__RECORD SET__.
+ + + +

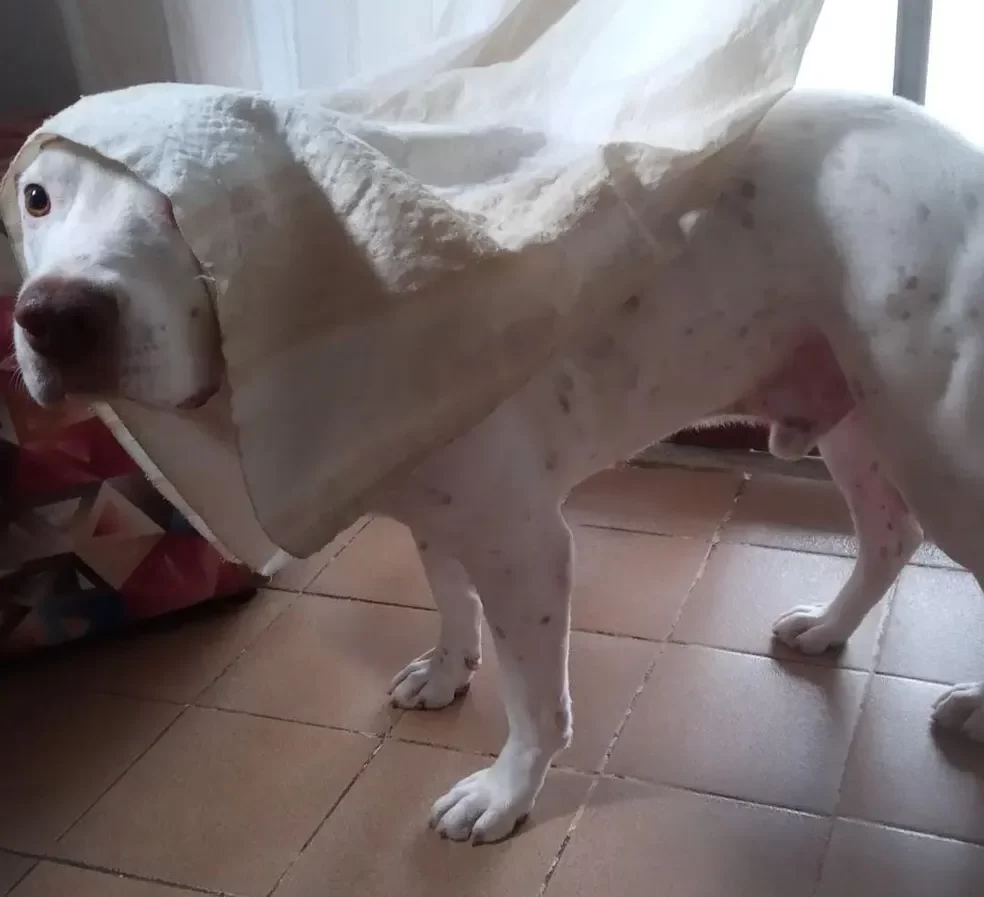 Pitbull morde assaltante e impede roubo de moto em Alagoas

+ + + +

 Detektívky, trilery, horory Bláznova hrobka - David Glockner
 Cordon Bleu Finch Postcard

+ + + +

__EXERCISE DIRECTIONS__.
With the line holding "Detektívky, trilery, horory" as the first and the line holding "Cordon Bleu Finch Postcard" as the last, set down that range of the entries above exactly, and nothing else.

__SOLUTION__.
 Detektívky, trilery, horory Bláznova hrobka - David Glockner
 Cordon Bleu Finch Postcard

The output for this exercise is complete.